5.7 Legal Compliance. In operating the Business, Seller has complied in all
material respects with all laws (including rules and regulations thereunder) of
all Governmental Authorities, and no charge, complaint, action, suit,
proceeding, hearing, investigation, claim, demand, or notice has been filed or
commenced against Seller alleging any failure to comply with any such law or
regulation, and to Seller's Knowledge none of the foregoing is threatened.
5.8 Litigation. Except for the proposed cases under the Bankruptcy Code or
as set forth on Schedule 5.8, there is no litigation, action, suit, proceeding
or investigation pending or, to the Knowledge of Seller, threatened, to which
Seller is a party with respect to the Business or any of the transactions
contemplated hereby. Seller is not in default with respect to any order, writ,
injunction or decree of any Governmental Authority.
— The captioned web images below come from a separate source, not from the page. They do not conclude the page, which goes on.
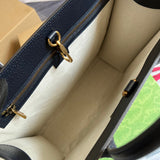 Side profile of signature everyday-luxe women's handbag – women's designer-style accessory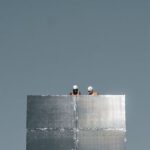 Construction - From below of anonymous distant engineers in helmets working on rooftop of modern skyscraper with glass mirrored walls against cloudless blue sky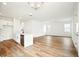 Spacious living room featuring an open floor plan, wood floors, recessed lighting, and modern finishes at 2437 Zuni Rd, St Cloud, FL 34771
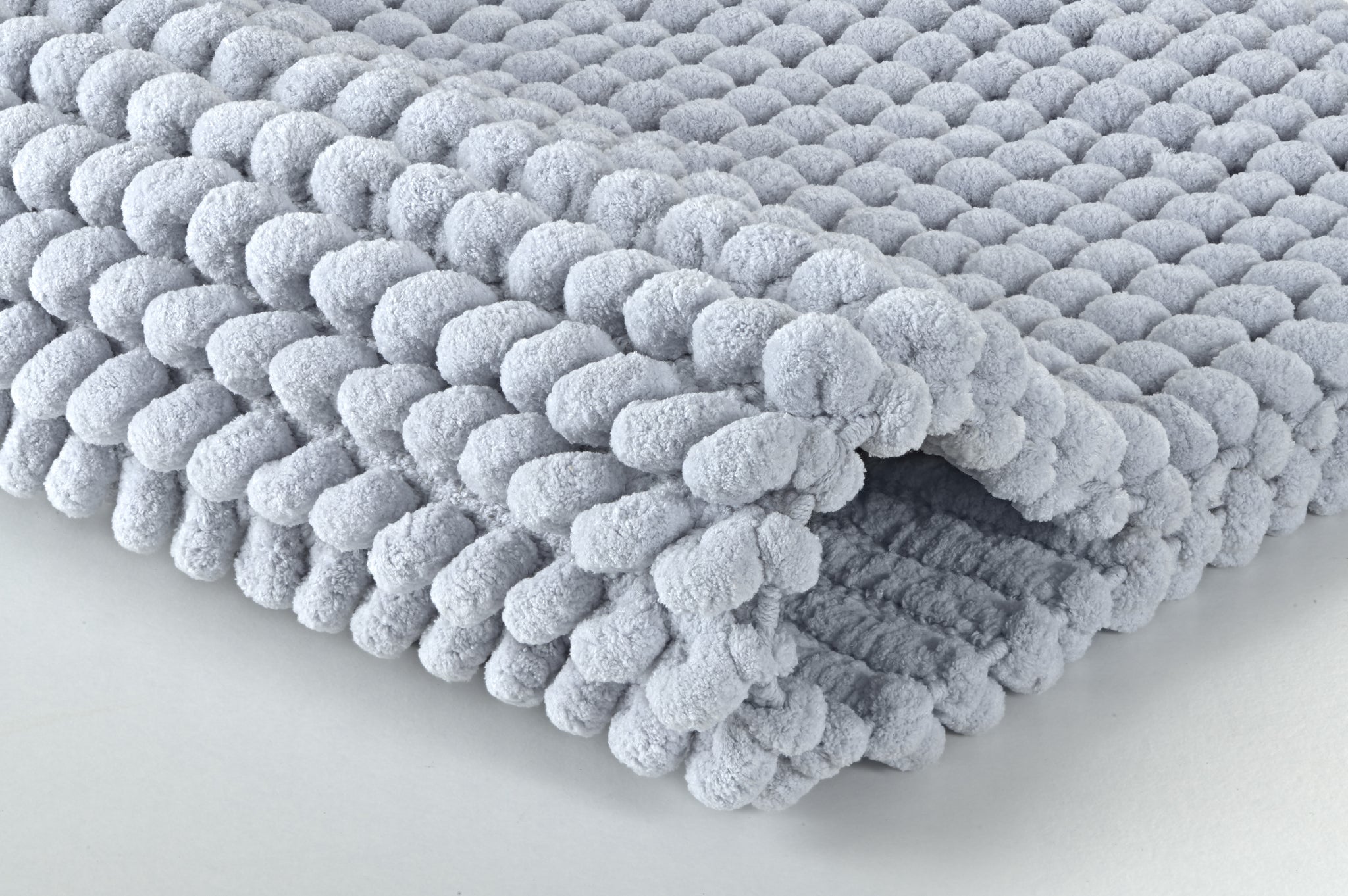 Nahaufnahme einer dicken, hellgrauen Chenille-Badematte mit Noppen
5.9 No Conflict. Except as set forth in Schedule 5.9, the execution by
Parent and Seller of this Agreement and the other documents and instruments
referred to in this Agreement to which it is a party, compliance by Parent and
Seller with the provisions of this Agreement and the consummation of the
transactions contemplated hereby and thereby (i) will not, in any material
respect, violate any provision of applicable law, (ii) will not conflict with
any provision of the Articles of Incorporation or By-laws of Parent and Seller
or conflict with, result in a breach of, or constitute a default (or an event
which, with notice or lapse of time or both, would constitute a default) under,
or result in the termination of, accelerate the performance required by, or
create in any party the right to accelerate, terminate, modify, or cancel or
require any notice under any of the terms, conditions or provisions of, any
Contract described in Section 5.3(c) or 5.6(c) hereof (except for the failure to
obtain a third-party consent under such instrument before Closing), (iii) will
not result in the creation of any lien, charge or encumbrance upon any of the
Assets pursuant to any Contract, described in Section 5.3(c) or 5.6(c) hereof,
to which Parent or Seller are a party or by which Parent or Seller are bound or
to which the Assets are subject, (iv) except for clearance under the HSR Act,
and approval of the
00
Xxxxxxxxxx Xxxxx if the Petition Date occurs prior to the Closing, do not
require the consent or approval of, or registration, declaration or filing with,
any Governmental Authority and (v) do not violate any order, writ, injunction,
decree, arbitration award, statute, rule or regulation applicable to Parent and
Seller, to any of the Assets or to the Business.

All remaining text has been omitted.